[quote name='supadupacheap']Oh its not a insult or anything. I think its just I tend to keep stuff closer to the vest (in most instances) so while I may have some "wild" times/experences to look back on, they seem lesser to somebody elses not because the nature of them but the fact they inspired the other person to share when mine did not. (did that make any

ing sense? :lol: ) I guess I can only relate it to vacation slides. I almost never take them so when I do it was a once in a lifetime kind of trip. When others show me their slideshows I put my own behavior profile on them when more than likely, they are different. (Yeah, I think I made even LESS sense that time.) :lol:[/QUOTE]
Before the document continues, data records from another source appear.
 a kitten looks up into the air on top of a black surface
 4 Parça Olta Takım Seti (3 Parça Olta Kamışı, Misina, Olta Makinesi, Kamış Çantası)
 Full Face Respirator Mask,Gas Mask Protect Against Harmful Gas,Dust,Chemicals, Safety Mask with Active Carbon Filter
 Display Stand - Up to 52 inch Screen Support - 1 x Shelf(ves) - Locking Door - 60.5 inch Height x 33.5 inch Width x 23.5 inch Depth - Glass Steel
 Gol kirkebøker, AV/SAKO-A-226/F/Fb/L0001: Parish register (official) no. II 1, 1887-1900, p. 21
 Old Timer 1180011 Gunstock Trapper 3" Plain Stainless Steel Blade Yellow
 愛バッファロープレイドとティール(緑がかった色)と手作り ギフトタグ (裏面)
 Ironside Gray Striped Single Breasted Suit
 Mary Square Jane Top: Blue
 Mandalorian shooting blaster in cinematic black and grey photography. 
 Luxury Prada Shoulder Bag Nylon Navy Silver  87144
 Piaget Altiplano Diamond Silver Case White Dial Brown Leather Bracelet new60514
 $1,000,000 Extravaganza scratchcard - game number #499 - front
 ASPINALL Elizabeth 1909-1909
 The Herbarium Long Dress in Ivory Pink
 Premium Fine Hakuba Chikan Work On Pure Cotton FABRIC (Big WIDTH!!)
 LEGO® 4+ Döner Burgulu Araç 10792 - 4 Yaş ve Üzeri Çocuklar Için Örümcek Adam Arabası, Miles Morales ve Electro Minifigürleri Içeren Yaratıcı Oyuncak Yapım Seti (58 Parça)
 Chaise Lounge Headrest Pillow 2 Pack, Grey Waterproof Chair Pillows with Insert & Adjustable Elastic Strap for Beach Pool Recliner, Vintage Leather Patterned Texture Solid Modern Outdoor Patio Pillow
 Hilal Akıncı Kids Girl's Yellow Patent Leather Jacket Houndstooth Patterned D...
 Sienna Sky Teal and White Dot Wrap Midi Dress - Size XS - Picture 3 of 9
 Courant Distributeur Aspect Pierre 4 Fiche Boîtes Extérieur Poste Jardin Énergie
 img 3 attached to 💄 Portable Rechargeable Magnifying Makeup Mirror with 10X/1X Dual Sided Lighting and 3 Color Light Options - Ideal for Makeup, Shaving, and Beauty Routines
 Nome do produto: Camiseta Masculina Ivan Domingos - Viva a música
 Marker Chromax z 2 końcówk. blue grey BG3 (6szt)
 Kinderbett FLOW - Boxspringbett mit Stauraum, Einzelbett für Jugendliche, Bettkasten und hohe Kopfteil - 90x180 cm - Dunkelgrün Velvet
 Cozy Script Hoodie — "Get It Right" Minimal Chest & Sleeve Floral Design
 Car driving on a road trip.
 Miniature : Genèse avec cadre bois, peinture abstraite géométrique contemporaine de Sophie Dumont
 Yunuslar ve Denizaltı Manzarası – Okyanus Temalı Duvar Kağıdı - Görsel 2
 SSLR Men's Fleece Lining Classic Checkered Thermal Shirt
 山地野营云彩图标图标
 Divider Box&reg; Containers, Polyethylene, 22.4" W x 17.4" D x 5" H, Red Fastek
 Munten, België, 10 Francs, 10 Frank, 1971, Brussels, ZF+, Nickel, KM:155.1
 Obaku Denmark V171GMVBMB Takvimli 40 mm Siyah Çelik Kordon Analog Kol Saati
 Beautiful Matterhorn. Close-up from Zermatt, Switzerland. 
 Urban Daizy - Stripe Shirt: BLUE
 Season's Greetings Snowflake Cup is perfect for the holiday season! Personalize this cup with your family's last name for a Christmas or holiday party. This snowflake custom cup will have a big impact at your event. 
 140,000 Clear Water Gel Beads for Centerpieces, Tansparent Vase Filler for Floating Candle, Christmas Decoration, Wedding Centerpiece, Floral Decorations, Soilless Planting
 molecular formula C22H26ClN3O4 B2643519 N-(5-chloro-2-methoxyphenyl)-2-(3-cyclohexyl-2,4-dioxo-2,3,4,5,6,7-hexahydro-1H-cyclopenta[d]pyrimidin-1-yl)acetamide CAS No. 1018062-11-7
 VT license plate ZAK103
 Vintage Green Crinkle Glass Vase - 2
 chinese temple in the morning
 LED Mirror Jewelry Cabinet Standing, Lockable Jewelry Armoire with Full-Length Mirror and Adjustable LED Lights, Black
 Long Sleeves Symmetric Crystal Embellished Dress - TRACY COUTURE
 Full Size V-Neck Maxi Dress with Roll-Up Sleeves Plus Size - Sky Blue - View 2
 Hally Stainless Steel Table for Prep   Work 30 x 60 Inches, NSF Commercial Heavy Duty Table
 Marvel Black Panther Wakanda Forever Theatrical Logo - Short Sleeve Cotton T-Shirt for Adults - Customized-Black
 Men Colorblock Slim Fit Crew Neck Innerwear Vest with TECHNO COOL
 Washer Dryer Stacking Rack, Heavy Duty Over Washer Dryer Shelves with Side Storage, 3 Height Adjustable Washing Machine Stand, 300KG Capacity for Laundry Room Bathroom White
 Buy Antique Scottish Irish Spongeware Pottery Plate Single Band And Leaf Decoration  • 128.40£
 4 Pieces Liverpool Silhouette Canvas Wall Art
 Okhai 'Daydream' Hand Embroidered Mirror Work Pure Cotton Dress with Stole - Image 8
Well, truth be told, I don't hang out with most of my friends from high school/college as most of them have moved on both literally and figuratively. Some moved to another state and pursuing their own lives while the ones that are around don't hang with me as much since they still follow the traditional timeline of relationships and most of the ones close to my age are either married, getting married, or already have at least one kid. I suppose that makes me immature in a sense as I'm still in my 'hook up with lots of girls' phase when I should've gotten it out of my system by now and looking for a single girl to keep on a semi-permanent basis. But I'm having too much fun that it seems like I'd be giving up a lot of the things I enjoy such as freedom to do/say/act how I want, buy the things I like, go see the shows/movies/concerts I like, etc. I look at my friends who are married and they don't look happy. Maybe it's the exhaustion from dealing with a fiesty 3 yr. old running around or they're overworked from supporting mortgage payments that must be met at the end of the month. And I have heard many complaints (when they actually do hang out with me, like lunch), and bitch about the lack of sex thanks to daily routines such as work, children, etc. Some of them even lament about not being able to play a quick video game. Their only solace is either drinking or playing with the kids. I think that is probably the only thing I envy my friends who are parents - the kids. I'd like to have a kid someday but, I'm at a point right now where life is just too good to get settled down.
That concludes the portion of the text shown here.